La primera vez que supe de su nombre fue a través de un amigo en común llamado Enrique Escopez, actor, profesor de letras, quién miraba a su amigo como lo que él no pudo llevar a cabo en la vida: vivir en París y enseñar en una universidad parisina. Así pues, él me relataba anécdotas vividas en su ciudad natal, La Plata, junto a su amigo Saúl. Así fui construyendo, treinta años atrás, una imagen del albacea de Cortázar.
Años más tarde, yo era estudiante en Bucarest y transitaba la época del exilio. Había llegado a París con diez dólares en el bolsillo, y una amiga de una amiga me albergaba, además ella conocía a Saúl, era su alumna en la universidad. Me dio su teléfono y le hablé. Mi idea era que a través suyo, yo actuara en la universidad Saint Dennis para el público latino y para los estudiantes de lengua española. Yurkievich se mostró muy dispuesto, pero la falta de dinero hizo que la comunicación telefónica se cortara. Ese mismo día decidí viajar caminando a la universidad. Cuando llegué él ya había partido. No tenía dinero para quedarme un par de días más, así que me fui de París con la conversación telefónica interrumpida.

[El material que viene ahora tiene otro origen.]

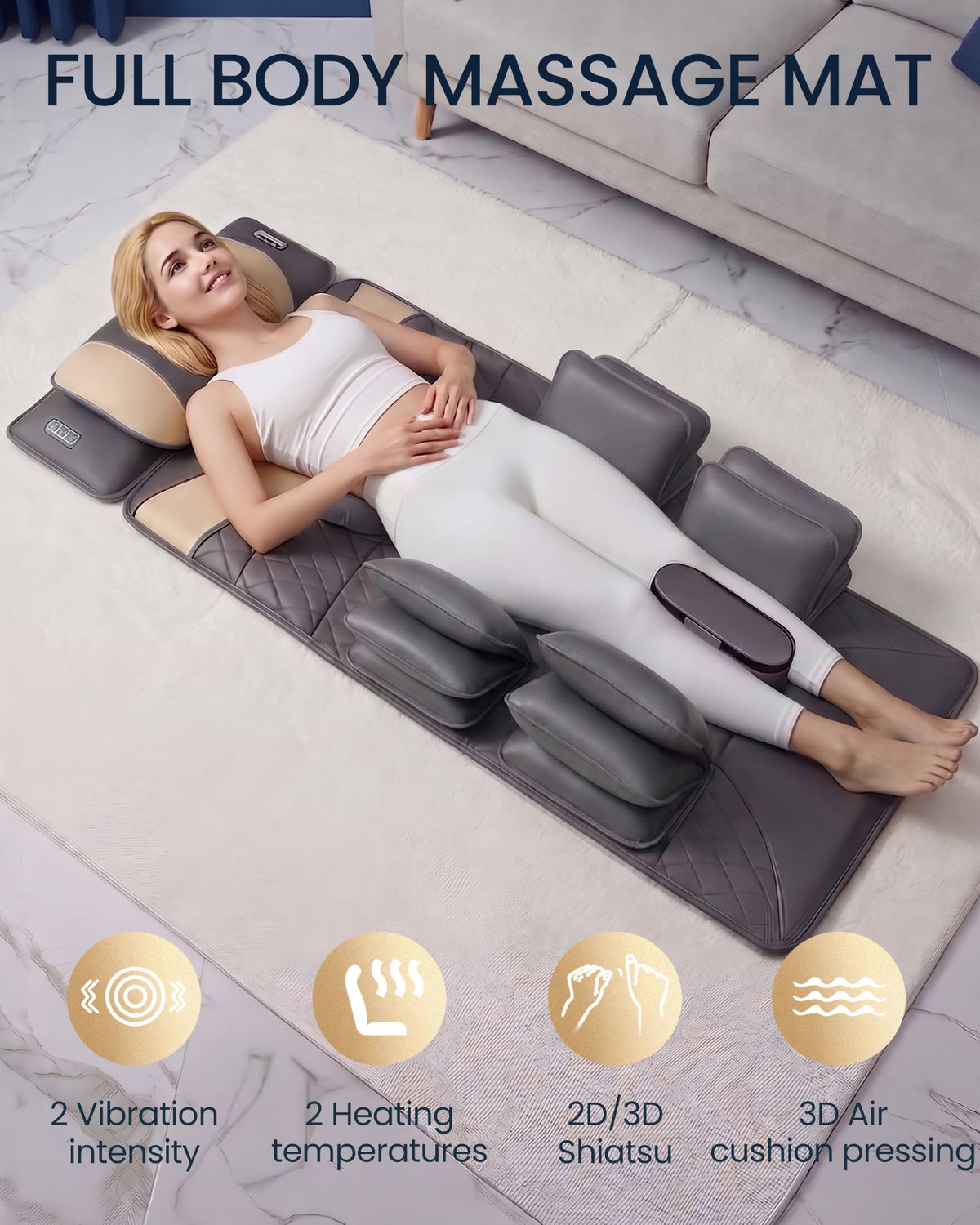 Full Body Massage Mat with Heat, Adjustable Lumbar Traction, Detachable Neck Shiatsu Roller, Airbag Compression, Vibration Massage Pad G2771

Veinte años después se produjo el único encuentro real. Estaba haciendo mi doctorado en España y se me ocurrió viajar a París a entrevistar escritores. Así llegué a su departamento un día de sol, algo infrecuente en esa ciudad. El resultado fue la entrevista que a continuación se publica, y el último encuentro, lo sitúo ahora, a través de otro escritor en Francia, Héctor Loaiza. Cuatro décadas, cuatro encuentros. Y la imagen de ese hombre, apoltronado en su silla, un pedazo de sol en sus anteojos y la sonrisa amable de un escritor argentino en París.